Teaching models to write kernels; dataset, training, and honest results

i wanted a model that actually understands low‑level GPU code: masked loads, boundary checks, shared memory... the stuff people sweat about and models usually mess up. this is a short, practical writeup: what i collected, how i cleaned it, how i trained, how i evaluated.

tl;dr

a focused dataset of triton kernel bodies and cuda→triton translation pairs (a few thousand examples).
cleaned, deduped, licensed... ready for adapter-style fine‑tuning.
i fine‑tuned adapters on a qwen 8b checkpoint using a single RTX 3090... results are useful as kernel drafts.

what's in the dataset

🤗 HuggingFace Dataset: edwixx/triton-code-dataset

🤗 Fine-tuned Model: edwixx/qwen3-8b-triton-finetune

two CSV splits, simple schema (prompt,completion):

fim_sft.csv — fill‑in‑the‑middle for triton kernels (prompt: signature + context, completion: body).
cu2triton_sft.csv — CUDA functions paired with hand‑crafted or curated Triton rewrites.

repo layout i publish:

/fim_sft.csv
/cu2triton_sft.csv
/ANALYSIS.json
/ANALYSIS.md
/PROVENANCE.md
/figs/*.png

quick visual tour

FIM — prompt tokens

prompts are compact... mostly function signatures, short docstrings, and one or two lines of context. that makes them perfect for body completion the model only needs to learn common patterns, not long surrounding prose.

FIM: completion tokens

bodies are short to medium in length, many sit in the 20 to 200 token range. this is where the useful signal is: masked loads and stores, offset arithmetic, simple reductions. those recurring idioms are what the model picks up fastest.

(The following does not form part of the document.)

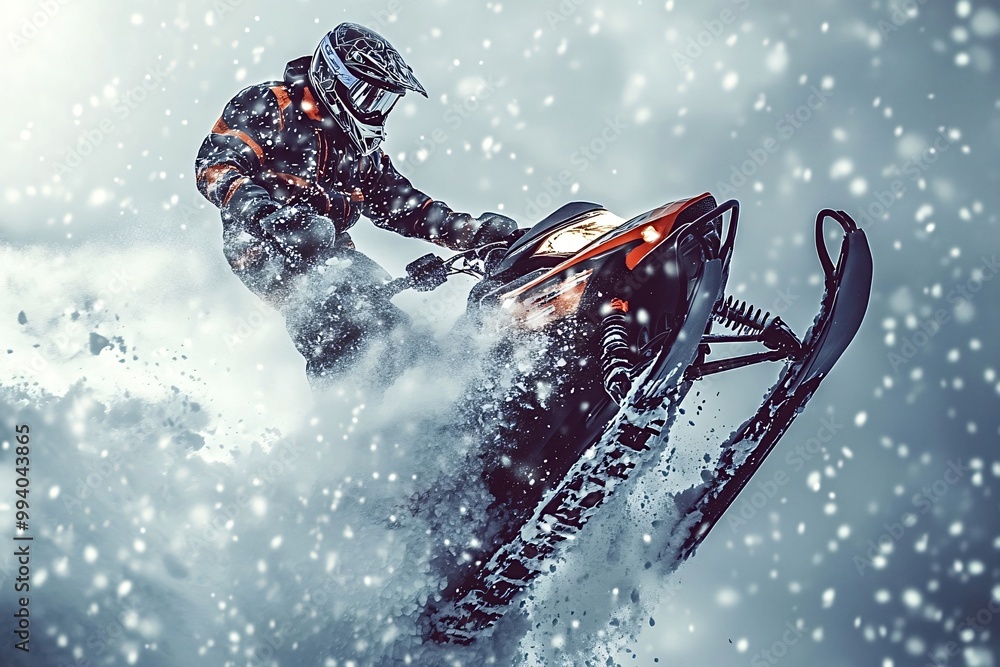 Naklejka premium Snowmobile racer jumps high in the air, creating a snowy cloud. The thrilling scene captures winter sports essence, showcasing skill and speed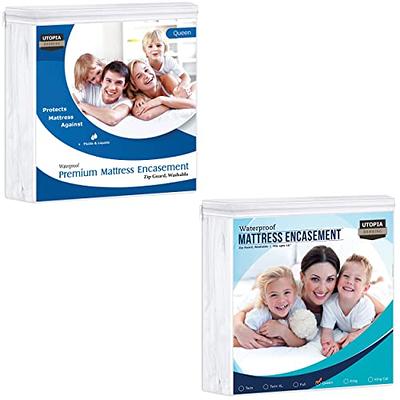 Ambesonne Mattress Protector Breathable Sheet with Straps Fitted Bed Cover,  Queen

CUDA to Triton > prompts & completions

translation pairs expose the model to two different styles... c++ indexing and macro‑heavy patterns on one side, compact, pythonic triton code on the other. that contrast helps the model map idioms across languages and produce cleaner Triton rewrites.(not necessarily lmao)

how i built it

i started by searching repositories, documentation pages, and blog posts for kernel examples that show real GPU concerns. i prioritized permissively licensed sources and files that were self contained or had clear argument shapes. i copied the minimal unit needed to understand the kernel — the function or kernel plus one or two lines of context describing input shapes. smaller context is better... it forces the model to learn from code, not from surrounding narrative.

next i normalized the text. unify newlines, trim leading and trailing whitespace, collapse repeated spaces and tabs, and collapse long runs of blank lines. this keeps token counts honest and makes deduplication reliable. here is a small python helper i used:

def normalize_code(s: str) -> str:
    import re
    s = s.replace('\r\n', '\n')
    s = s.strip()
    s = re.sub(r'[ \t]+', ' ', s)
    s = re.sub(r'\n{3,}', '\n\n', s)
    return s

# usage
# clean = normalize_code(open('example.cu', 'r', encoding='utf-8').read())

after cleaning i deduplicated exactly. compute a SHA‑1 hash over the string formed by normalize(prompt) ||| normalize(completion) and drop exact matches. exact duplicates skew metrics and give the model false confidence. once exact duplicates are removed, run a leakage filter using Jaccard word overlap and flag pairs with overlap greater than or equal to 0.8 for manual review. that catches cases where the prompt already contains most of the answer.

keep provenance at every step... preserve upstream license headers in the files you include and record the repository name, file path, and a short license snippet in PROVENANCE.md so origins are traceable. when the data looks clean and reviewed, export two CSVs named fim_sft.csv and cu2triton_sft.csv with a simple prompt,completion row per example.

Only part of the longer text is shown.